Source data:
□ □ □

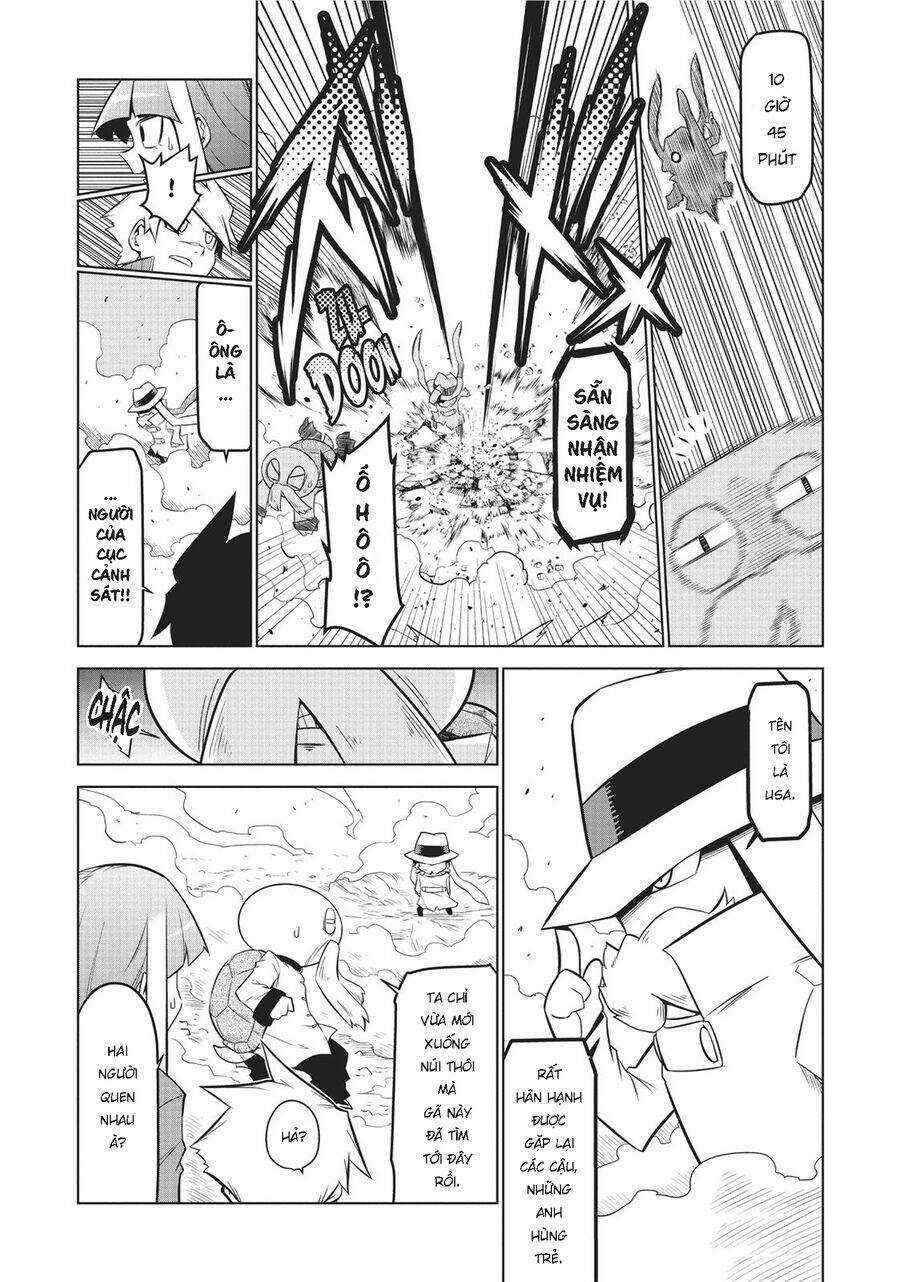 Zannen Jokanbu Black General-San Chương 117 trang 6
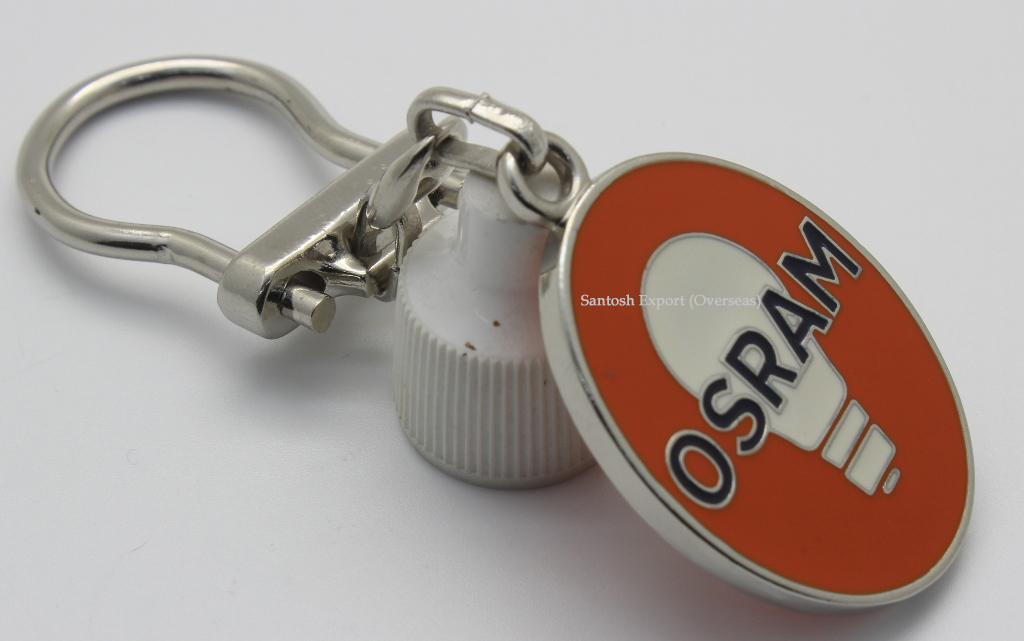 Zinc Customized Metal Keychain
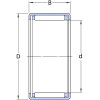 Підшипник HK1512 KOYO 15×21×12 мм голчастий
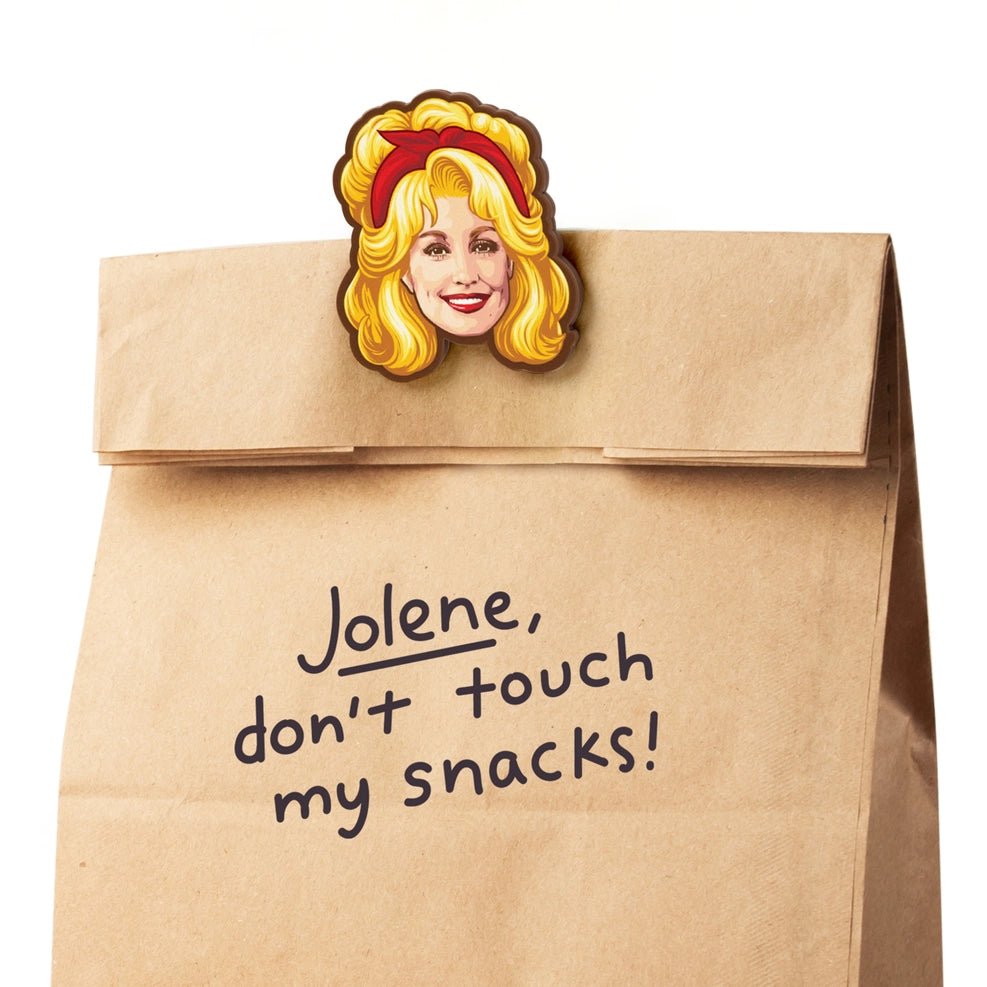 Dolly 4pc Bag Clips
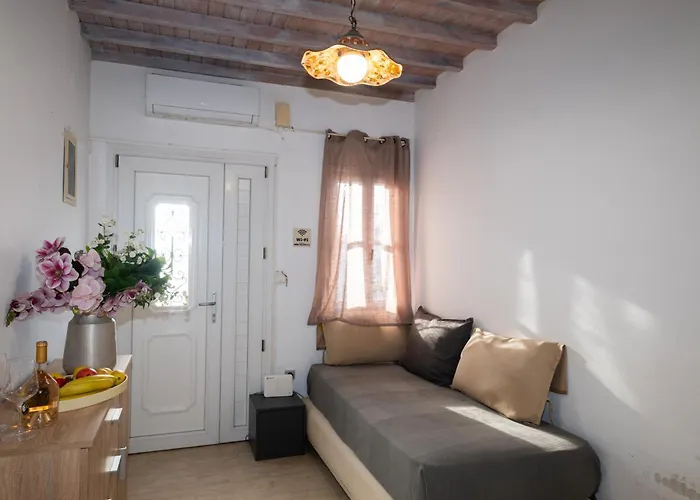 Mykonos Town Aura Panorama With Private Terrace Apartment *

□ □ □

TASK STATEMENT:
Set down, word for word, only the lines running from the line with "Dolly 4pc Bag Clips" through the final line of the entries above, omitting all pictures.

SOLUTION TO THIS EXERCISE:
 Dolly 4pc Bag Clips
 Mykonos Town Aura Panorama With Private Terrace Apartment *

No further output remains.